Class III destructive test

A Class III destructive test is when we can remeasure the sample, but the true value of the sample is itself changing with time. I have seen this when hardness testing metals—a ball is pushed into the surface of the metal with a standard weight and the size of the indention is used to determine how hard the metal is. But when you go to remeasure that sample, a sometimes surprisingly large area around the original dimple becomes hardened from the stress of making the first indention and can affect your next hardness reading. Another example is that some chemical mixtures change with time as solids are dissolved or precipitate out, or chemicals from the environment are absorbed. A third example: testing new motors on the number of cycles until run in.

You can handle this type of destructive test by modeling the change through time, based on either first principles or by measuring the sample repeatedly through time and generating a best-fit model. You can then just subtract the model prediction at time t from the reading at time t to get the estimate of the true value. If you want to get really fancy, if you have a homogenous population to draw on, you could measure samples on a number of testers at multiple ages, though of course some amount of tester-to-tester variability will still be confounded with measurement error.

In any case, we still have an estimate of the measurement error that is probably somewhat different from the “real” error, but we can still detect when the gauge goes out of control, and we can still use the %R&R to determine if a measurement system can be trusted to make a conformance decision.

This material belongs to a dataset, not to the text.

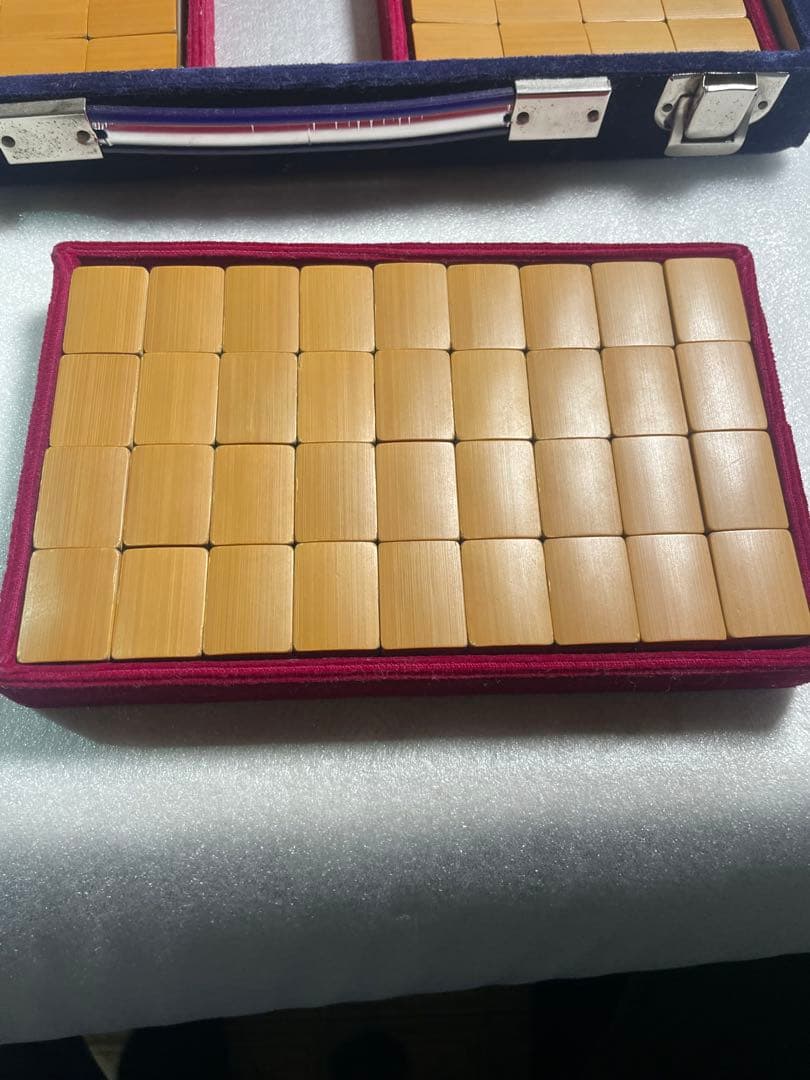 【希少・真彫】麻雀牌 牛骨・背竹牌 1枚12g 昭和レトロ 付属品完備 保証票付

One note, though—because the true value could be changing pretty significantly through time, this type of test is particularly prone to that correlation of error with magnitude we tested for in the short- and long-term studies. If that happens, no single value can describe the measurement error through time.

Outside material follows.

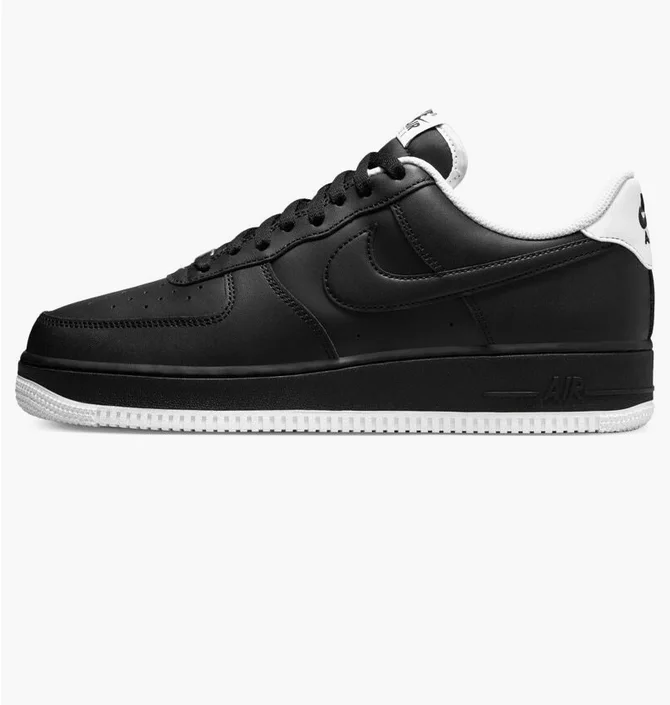 Кроссовки мужские Nike Air Force 1 07 Black DH7561-001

If there's a combination of Class II and Class III going on, you probably see by now that you just use a combination of the two approaches to handle that.

Destructive tests—another alternative

There is another way to handle destructive tests, where the above guidelines might be impractical. Almost all destructive test systems involve elements of nondestructive testing, that themselves can be tested for control through time and acceptability. For example, I might be doing a Class II destructive test on the expansion of a heat-activated foam polymer: I put a sample on a coupon, measure its water displacement, put the coupon into an oven for a set amount of time, remove the coupon, and measure its displacement again, and use the difference in displacements as the expansion of the polymer. Each step of the way I am using devices that can be tested for stability and acceptability: coupon size and weight variation, oven temperature control, timer variation, and a mass balance or volumetric gauge capability. If we think of all the things that go into making the correct measurement, and all those things are stable and have acceptable variation, then we can estimate a %R&R of the whole system. Obviously there are a number of caveats going this route, but if it is your only alternative, it is better than just hoping such a complicated measurement is generating stable and relatively small variation as compared to the spec.

Conclusions

So that’s it for MSA for now. Hopefully, you have a renewed passion for making sure that the measurement systems you use to determine whether processes are running correctly are stable and acceptable, and that the outputs of those processes are also stable. I have given you (absolutely free) a neat little spreadsheet to help you along the way, and I hope you find it useful.

In the absence of a good measurement system analysis, you can waste time, money, and sanity trying to track down product problems that are measurement problems. Even worse, with a bad %R&R you can end up calling good product bad, or bad product good, and both can cost you more than just lots of money.

So if you measure anything important in your processes, make sure you have a solid understanding of how the gauge you use actually performs.